◆ **WHAT NEEDS TO BE DONE**
Copy every entry exactly, but skip the pictures.

%%

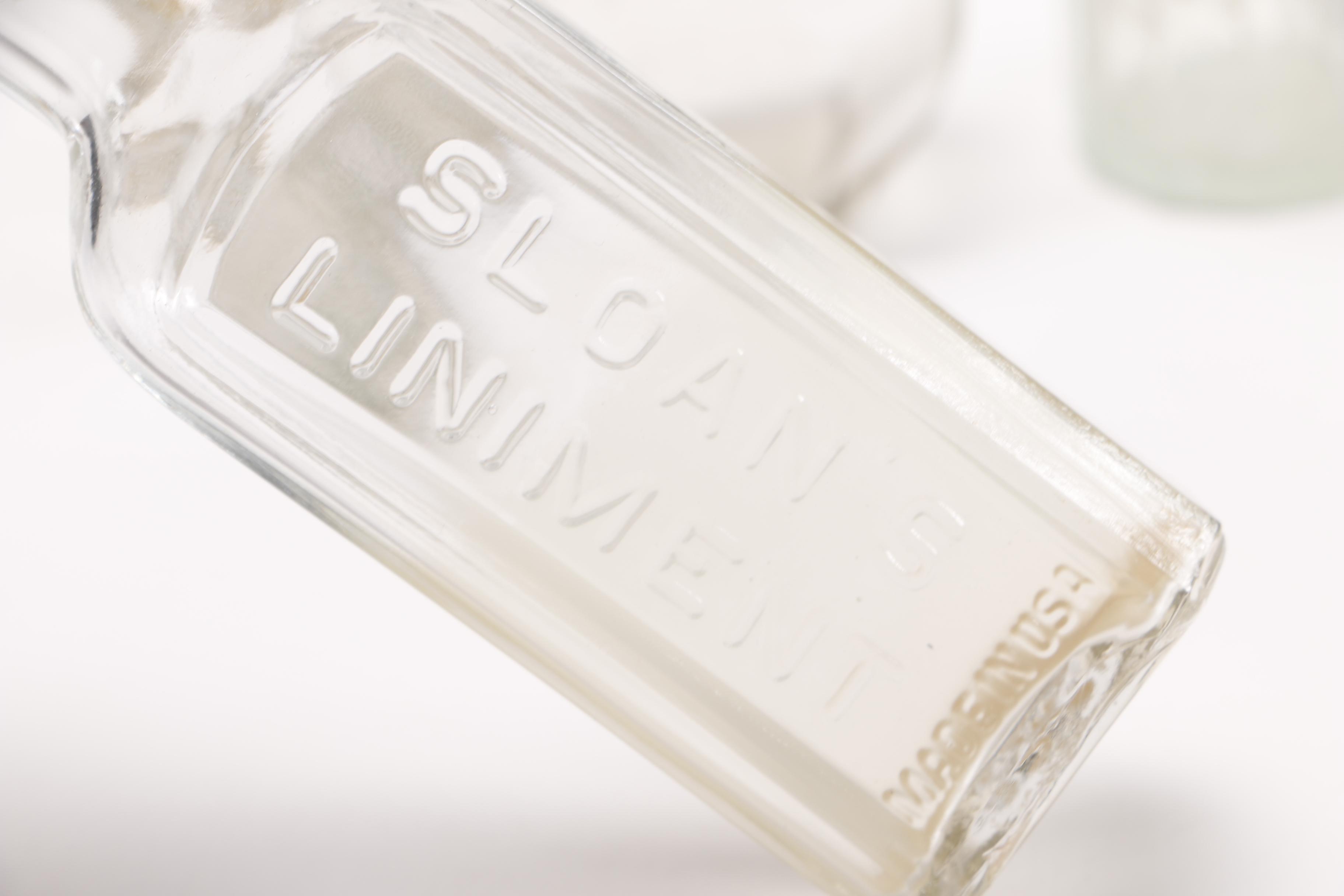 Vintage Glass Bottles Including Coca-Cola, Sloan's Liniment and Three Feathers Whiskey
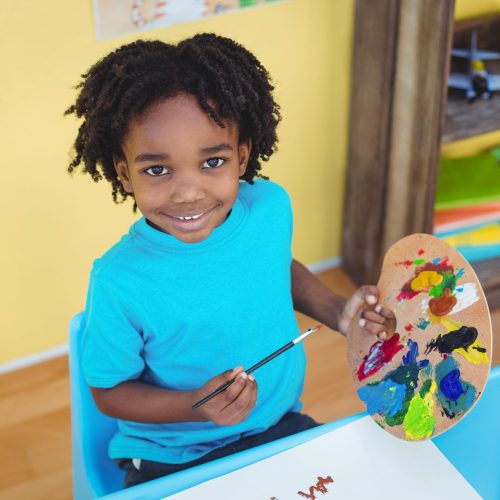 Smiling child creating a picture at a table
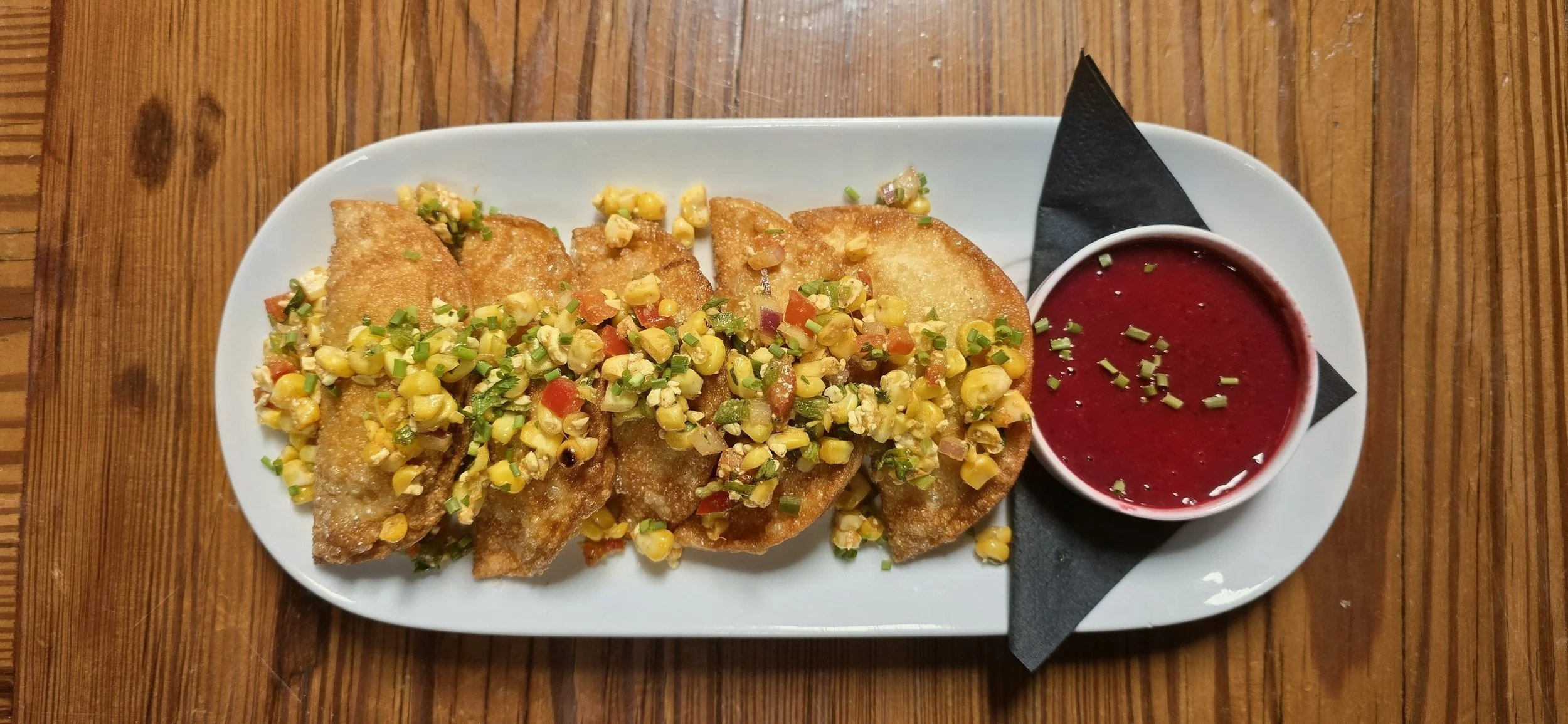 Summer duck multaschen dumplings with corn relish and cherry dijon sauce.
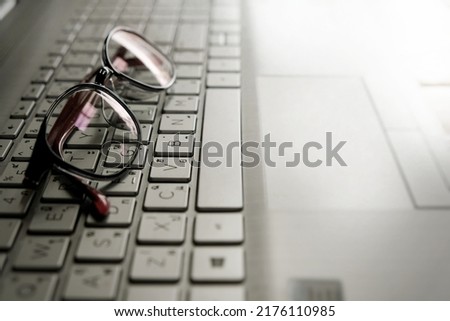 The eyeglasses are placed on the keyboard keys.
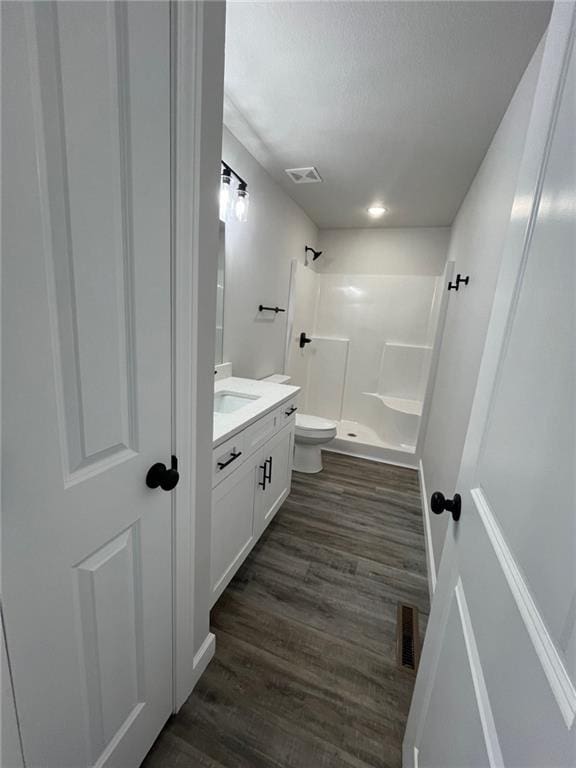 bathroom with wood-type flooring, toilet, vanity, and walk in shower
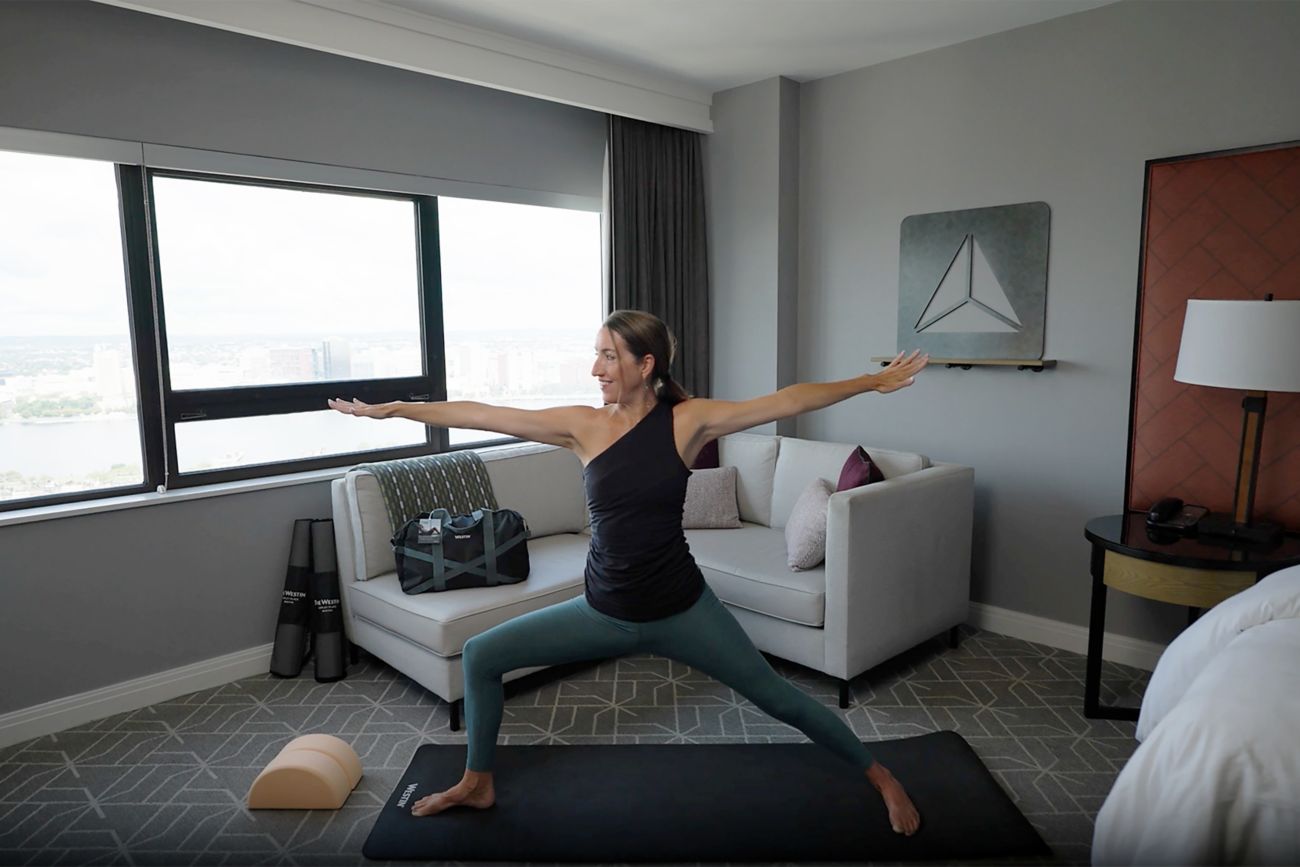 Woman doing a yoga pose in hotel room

%%

◆ **FINAL ANSWER**
 Vintage Glass Bottles Including Coca-Cola, Sloan's Liniment and Three Feathers Whiskey
 Smiling child creating a picture at a table
 Summer duck multaschen dumplings with corn relish and cherry dijon sauce.
 The eyeglasses are placed on the keyboard keys.
 bathroom with wood-type flooring, toilet, vanity, and walk in shower
 Woman doing a yoga pose in hotel room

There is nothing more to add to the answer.